Preventing Breast Cancer Therapy-related Cardiovascular Toxicity With a Daily-adapted Program With Mhealth Support

Not Applicable

Not yet recruiting

• Conditions: Breast Cancer Female
• Interventions: Behavioral: Individualised health recommentations; Behavioral: General health recommendations; Behavioral: Individualised physical exercise program

• Registration Number: NCT06518200
• Lead Sponsor: Universidad de Granada

Brief Summary

ATOPE-PRO, was developed with the intention of consolidating the integration of an innovative system for the prevention of cancer therapy-related cardiovascular toxicity (CTR-CVT) in the continuum care of women with breast cancer in health services. It is a step further towards personalized medicine by optimizing the already available tools and integrating artificial intelligence. Breast cancer survival increases every year, a situation that poses new challenges for health professionals. The European Society for Medical Oncology, a reference in Europe, has just highlighted the need to anticipate to and prevent sequelae derived from the disease and its treatments. This, in addition to having a positive impact on improving the quality of life of people suffering from this disease, would mean a reduction in the risk of recurrence, the appearance of other tumors and other diseases, and death from cancer or other causes, which have a personal impact and represent an overload of the healthcare system. To this end, ATOPE- PRO aims to optimize and refine tools already developed in the previous project (ATOPE, Pl18/01840), integrating artificial intelligence to help identify CTR-CVT, risk profiles, and effective and safe doses (at a clinical level) early on, implementing the program in a longer term, and transferring the results to the social sector (social level). The project has 4 stages: Phase 0 or start-up (to make improvements and analyse usability); Phase 1 for piloting and optimization; Phase 2, to verify efficacy (randomized controlled clinical trial) and Phase 3, in which a deep analysis will be performed and future projects will be conceived.

Detailed Description

More and more women are experiencing breast cancer at younger ages, yet survival rates have become very promising. However, years after cancer treatment, related sequelae (physical, psychological, or emotional) may emerge, responsible for post-disease fatalities in many women. The occurrence of these sequelae largely depends on treatment-induced toxicity and individual health status, which is related to lifestyle habits. Among these sequelae, cancer-related cardiovascular toxicity (CTR-CVT) is noteworthy, with an incidence close to 40% in breast cancer, closely linked to treatments such as chemotherapy (especially anthracyclines), targeted therapy (trastuzumab), and radiotherapy (left side or mediastinum), causing DNA and mitochondrial damage. Traditionally defined as a reduction in left ventricular ejection fraction (LVEF) ≥50% in its mildest form, and a decrease in global longitudinal strain (GLS) of \>15% from baseline and/or an increase in cardiac markers (cardiac troponin I or T cTnI/cTnT \>99th percentile, brain natriuretic peptide BNP ≥35 pg/mL, or NT-proBNP ≥125 pg/mL) to severe (requiring inotropic support, mechanical circulatory support, or consideration for transplantation), adding the need for monitoring through various tests, not just LVEF, as it would be too late to detect it. The risk detection of TCVRC is based on medical treatments, which sometimes are insufficient since many patients theoretically considered low-risk develop TCVRC. This has led to the need to study and include other patient-related factors at the time of diagnosis, such as previous presence of cardiovascular diseases, age, lifestyle habits, and comorbidities, to be considered for overall cardiovascular and oncological prognosis and individualized surveillance of TCVRC, along with additional factors that add to the complexity of risk assessment such as cancer type, duration, and doses of oncological treatment. However, the scientific evidence supporting the inclusion of some of these parameters is of questionable quality (level C) and, moreover, they are not usually included in routine assessments, making them less applicable.

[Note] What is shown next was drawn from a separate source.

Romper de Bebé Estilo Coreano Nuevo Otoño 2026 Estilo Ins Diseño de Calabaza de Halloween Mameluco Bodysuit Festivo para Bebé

To improve the situation and achieve proper prevention of TCVRC, it is necessary to identify parameters with good sensitivity for early detection that can preferably be performed routinely by different healthcare professionals involved in the continuum of care, as well as related risk factors. With this information, the implementation of interventions that could limit treatment interruptions and improve survival after breast cancer would be facilitated. In this context, the European Society of Cardiology Guidelines highlight, in addition to the improvement of detection tools, the inclusion of new parameters, the creation of large data registries, the use of artificial intelligence, or the determination of new risk stratification algorithms, among others.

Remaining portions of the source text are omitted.